In the past few years, there has been a significant increase in not-for-profit mergers. This is largely due to a perception from some funders that bigger is better. However, a merger is not something that an organization should enter into lightly. The key to a successful merger is to perform your due diligence well in advance. Not-for-profit management and boards should take the following steps:

  1. Critically evaluate your organization’s reason for considering a merger. What are the benefits to be obtained from a merger? Is the purpose of the merger to improve the services that you currently provide or to expand into a new service line? Is the organization merging with another entity to obtain referrals to existing programs? Is the merger necessitated by cash flow needs?  Having a clearly defined purpose for a merger is imperative.
  2. Successful not-for-profits stay true to their mission. Review the missions of both organizations. Are the missions compatible or complimentary?
  3. Assess what the organization will look like post-merger. Who will be the leaders of the merged organization? This should include who will comprise the executive team within the newly created organization and the executive committee of the newly created Board, as well as the make up of the new Board. How will various leaders operate together? Often organizations begin the path to a merger investing time and resources only to discover that the two Boards cannot agree on who will be the leaders of the merged organization and how the programs will operate resulting in the merger falling apart.
  4. Evaluate the financial strength of both organizations. What are the assets to be obtained and liabilities assumed with the merger? What will the impact of the merger be on the merged entity’s financial strength?  This should include both the potential reimbursement rate impact, if applicable, on both organizations as well as the impact on service volume. It should also include addressing compensation and benefits structures. Will the merged entity need to significantly increase compensation and benefits, change benefits currently offered, or change benefit plan options? 
  5. Because of the proprietary and sensitive information that is shared during merger discussions, a non-disclosure agreement should be used to protect confidential organizational information.
  6. Make sure you speak with your audit firm. Accounting rules with respect to tax-exempt mergers are complicated. It is important for management and the Board to understand the financial impact on the newly created organization.
  7. Another critical step, that is often overlooked, is the evaluation of the cultures of both organizations. Things that may seem insignificant at first glance are very important such as, how people dress at work, who gets an office, or how office celebrations are handled. These are all things that make up the culture of an organization. A merger will not be successful if the cultures of the organizations do not fit together.
  8. Before going down the path to a merger, ask yourself if your organization can afford a merger? Potential costs of a merger not only include legal and accounting fees but also rebranding costs, moving costs, technology costs and possibly severance packages for staff that may not continue with the newly formed organization. There is funding available from various foundations to help with these costs.
  9. Become familiar with the legal requirements of a merger. New York State requires not-for-profits to write a proposed plan of merger that will be reviewed by the Attorney General. The organizations will need to obtain the services of legal counsel that is knowledgeable in this area. The New York State Charities Bureau has published an easy to use guide entitled “Guide to Mergers and Consolidations of Not-for-profit Corporations Under Article 9 of the New York Not-for-profit Corporation Law”. This guide walks through the legal and statutory requirements of a merger and provides sample petitions to be filed in order to complete a merger. This guide can be found at www.charitiesnys.com/pdfs/mergers_and_consolidations.pdf
  10. Plan for the merger well in advance.  These transactions take a lot of planning.  Your management and Board should allow time for proper vetting and review of all phases of the transaction.  In addition, you will want to make sure all of the appropriate details are communicated to all of the stakeholders including employees, donors, consumers, funders, etc.

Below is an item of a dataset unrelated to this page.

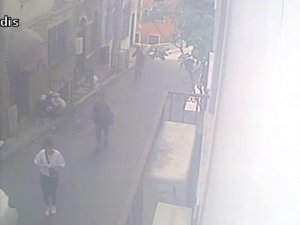 Taksim’de kadınları hedef alan kapkaç çetesi kamerada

It is imperative that your organization performs its due diligence when contemplating a merger. At the end of the due diligence process, both organizations should have a solid understanding of the impact of merger and be able to make an informed decision.

Bettina Lipphardt is a partner based out of our Syracuse, NY office.

This material has been prepared for general, informational purposes only and is not intended to provide, and should not be relied on for, tax, legal or accounting advice. Should you require any such advice, please contact us directly. The information contained herein does not create, and your review or use of the information does not constitute, an accountant-client relationship.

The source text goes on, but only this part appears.